• _Listed records_:
* * *

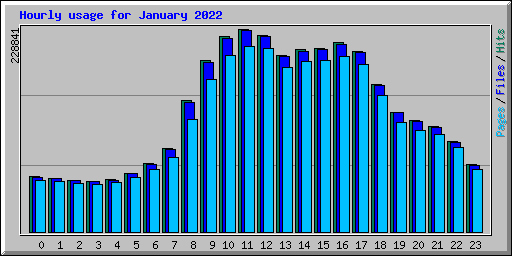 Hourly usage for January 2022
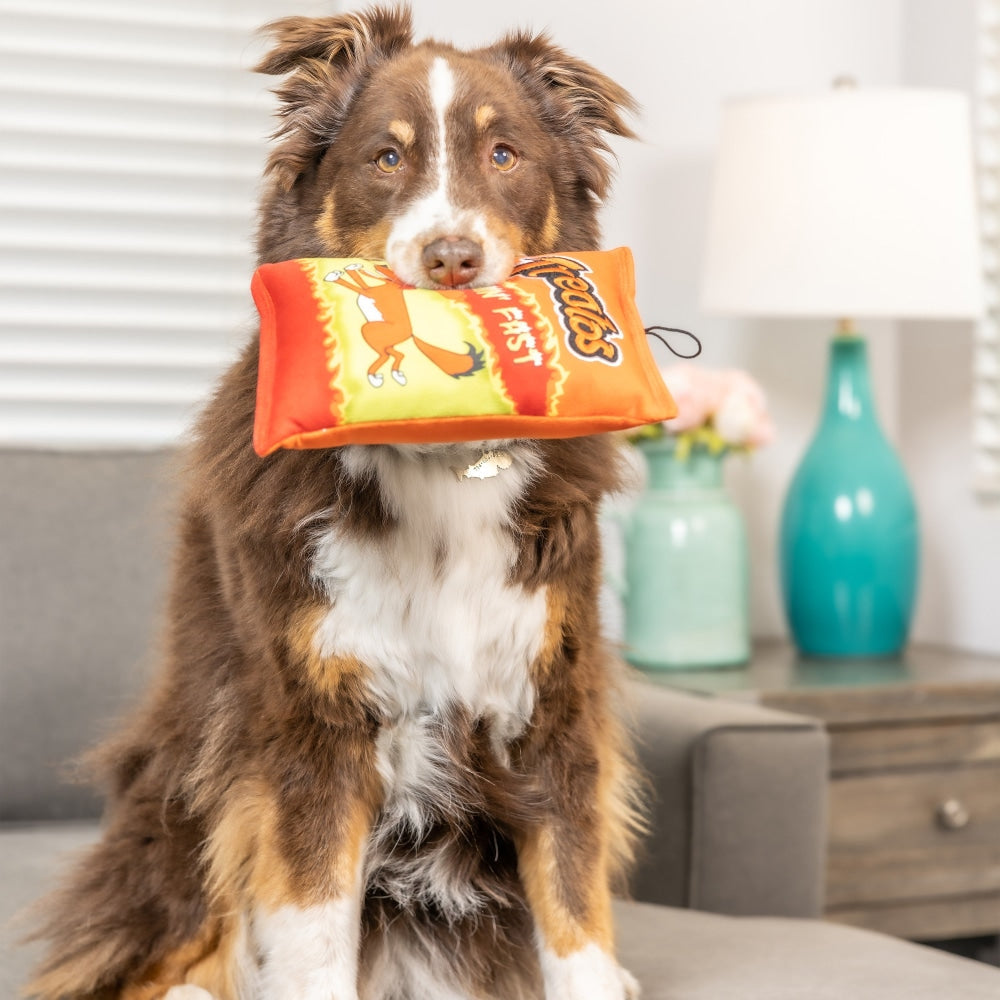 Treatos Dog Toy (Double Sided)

* * *

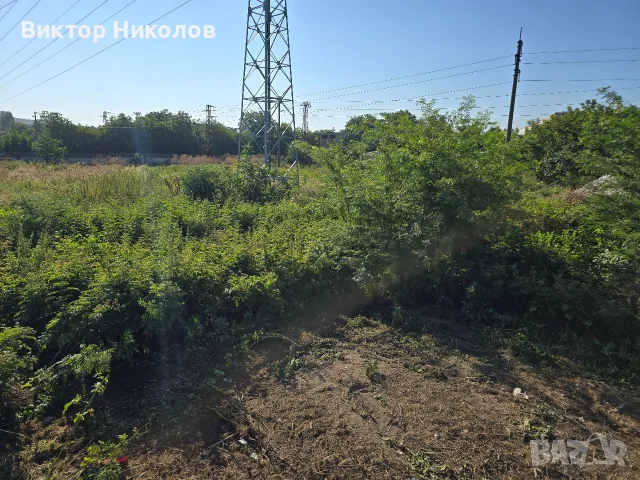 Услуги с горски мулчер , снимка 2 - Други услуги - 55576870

* * *

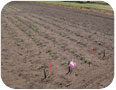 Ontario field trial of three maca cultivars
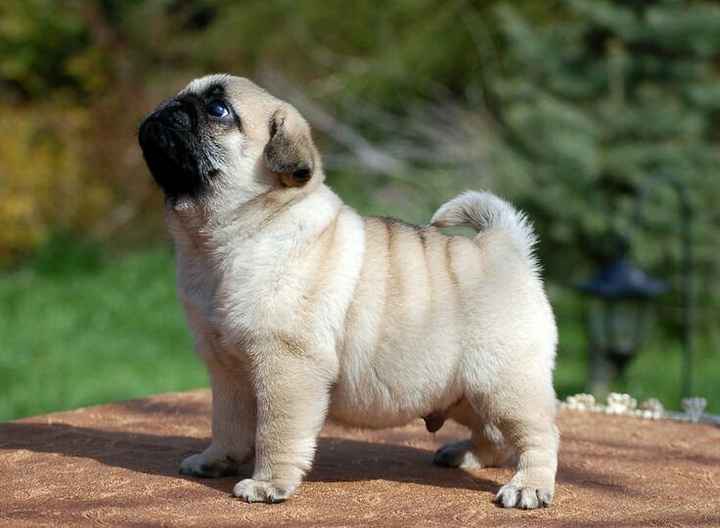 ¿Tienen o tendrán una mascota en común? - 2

* * *

• _Try it_: While skipping the pictures, transcribe the data above from the line showing "Hourly usage for January 2022" through the line showing "Treatos Dog Toy (Double Sided)", exactly and with both ends.

• _Answer below_:
 Hourly usage for January 2022
 Treatos Dog Toy (Double Sided)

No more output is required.